Prérogative du président de la République, le choix des « grands hommes » jugés dignes d’entrer au Panthéon est un acte éminemment politique, au plus noble sens du terme. Une décision qui exprime les valeurs du pays, célèbre des figures exemplaires qui les incarnent, proclame la fierté d’idéaux partagés. A cette aune, la décision d’Emmanuel Macron de faire reposer les dépouilles de Missak Manouchian et de son épouse, Mélinée, dans le temple républicain des héroïnes et héros français constitue un message puissant et salutaire. La « panthéonisation » des deux immigrés membres de la Résistance qui ont combattu le nazisme est d’abord un acte de justice qui éclaire un pan de l’histoire longtemps occulté ; c’est aussi une affirmation limpide du rôle des étrangers dans la vie du pays et de la capacité de la France à faire rayonner des valeurs universelles.

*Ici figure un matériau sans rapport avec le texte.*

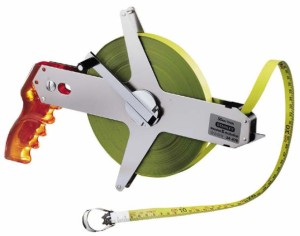 STANLEY Miara 30m Master II, taśma ze stali węglowej Mabolon  34-477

Etrangers ou apatrides, juifs ou d’origine arménienne comme les époux Manouchian, communistes, antifascistes, internationalistes, les combattants des Francs-tireurs et partisans de la main-d’œuvre immigrée (FTP-MOI) étaient aussi des « Français de préférence », selon la formule du poète Aragon, c’est-à-dire par choix des idéaux de la révolution de 1789. Quatre-vingts ans après l’exécution de leur chef, Missak Manouchian, et de vingt et un de ses camarades, le 21 février 1944, au Mont-Valérien – Olga Bancic fut décapitée en Allemagne –, ces vingt-trois martyrs connus de la mémoire collective à travers l’Affiche rouge qui les dénonçait comme « l’armée du crime » entrent solennellement par la grande porte dans l’histoire de la France.
Pareil événement n’allait pas de soi, tant le récit gaulliste unanimiste sur la Résistance et celui, nationaliste, du PCF ont longtemps occulté le rôle des étrangers. Après la fin de non-recevoir opposée par François Hollande en 2014 aux premières demandes d’entrée au Panthéon des fusillés du « groupe Manouchian », l’ouverture d’Emmanuel Macron marque, selon ses déclarations à L’Humanité, « une façon de regarder autrement notre histoire, d’inventer une autre relation avec nos compatriotes dont les familles viennent d’ailleurs ».
Positive, cette vision mûre du récit national exige cependant un minimum de cohérence. La célébration des résistants immigrés ne peut être dissociée du contexte actuel, celui d’un pays travaillé par la xénophobie attisée par l’extrême droite. Rarement une « panthéonisation » aura résonné si fortement avec l’air du temps.
En affirmant que « les forces d’extrême droite seraient inspirées de ne pas être présentes » à la cérémonie de mercredi 21 février, le président de la République a énoncé une évidence : le parti de Marine Le Pen, successeur du Front national qui comptait des négationnistes et des collaborateurs parmi ses fondateurs, est l’héritier des Français qui pourchassaient et livraient les résistants, qui associaient « étranger », « juif » et « crime ». La décence et le respect devraient suffire à dicter au Rassemblement national (RN) une attitude de retrait. Une formation politique qui utilise les étrangers en boucs émissaires n’a rien à faire dans une célébration de leur héroïsme.
Mais la signification de la cérémonie voulue par Emmanuel Macron serait autrement plus forte s’il cessait de louvoyer entre les postures morales qu’il adopte dans ses discours mémoriels et les actes par lesquels il installe les responsables du RN et certains de ses thèmes au centre de sa stratégie politique. Combattre l’extrême droite suppose un cap clair. Et non pas conforter ses obsessions ou oublier son histoire sinistre dès qu’il s’agit des joutes politiques d’aujourd’hui.